EXERCISE: Find the line with "Snapshot of suk_ki" in the entries below. Repeat it, every following line, and the line with "Appartement à LYON-2E", exactly and with nothing added.

======== EXERCISE MATERIALS ========

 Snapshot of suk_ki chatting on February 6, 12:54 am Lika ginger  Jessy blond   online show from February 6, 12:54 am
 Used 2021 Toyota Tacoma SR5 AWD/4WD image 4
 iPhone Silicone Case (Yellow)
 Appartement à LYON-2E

========
======== EXERCISE MATERIALS ========

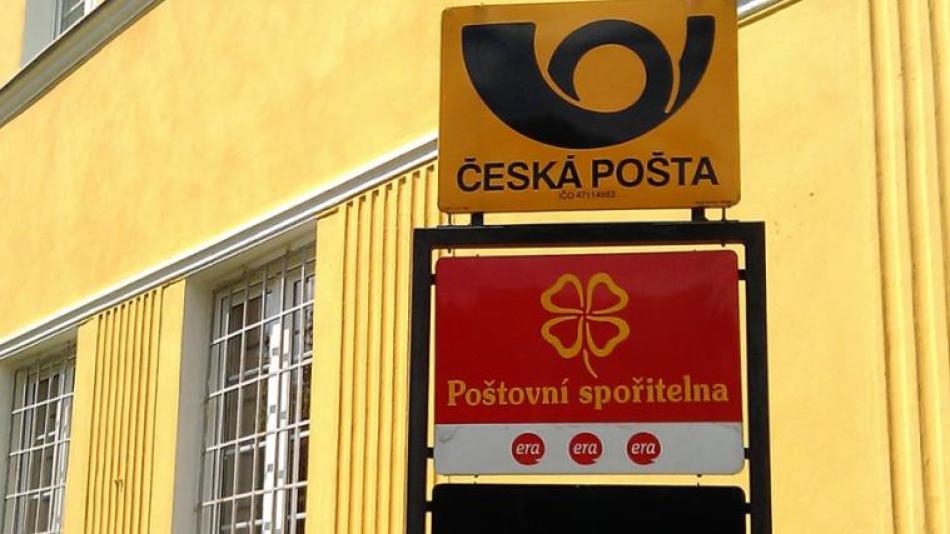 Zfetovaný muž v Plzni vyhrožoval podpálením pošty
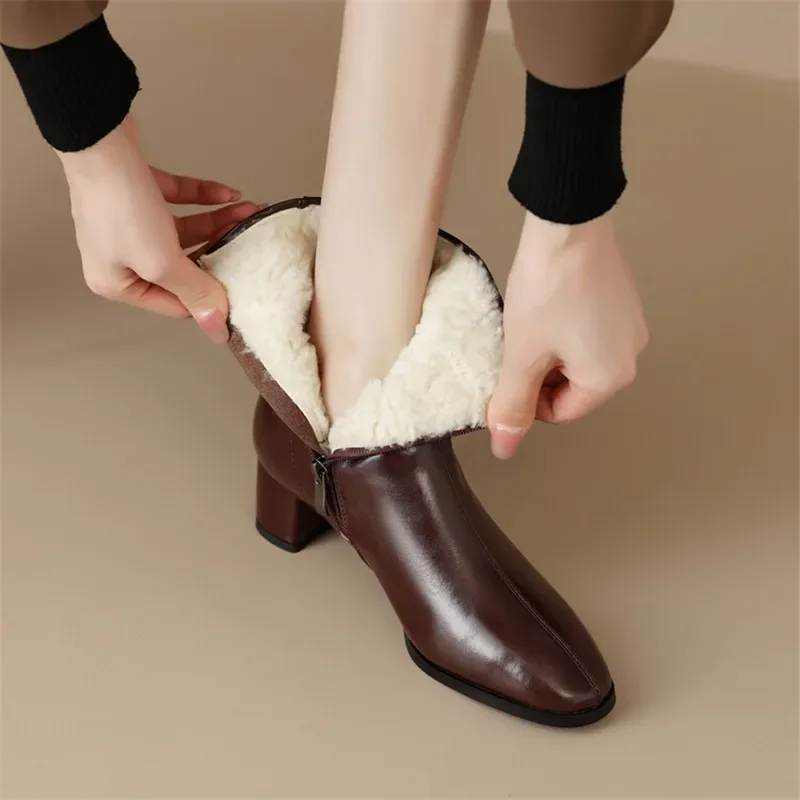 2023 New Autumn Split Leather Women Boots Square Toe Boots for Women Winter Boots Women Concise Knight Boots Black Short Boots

========

SOLUTION TO THE PROBLEM:
 Snapshot of suk_ki chatting on February 6, 12:54 am Lika ginger  Jessy blond   online show from February 6, 12:54 am
 Used 2021 Toyota Tacoma SR5 AWD/4WD image 4
 iPhone Silicone Case (Yellow)
 Appartement à LYON-2E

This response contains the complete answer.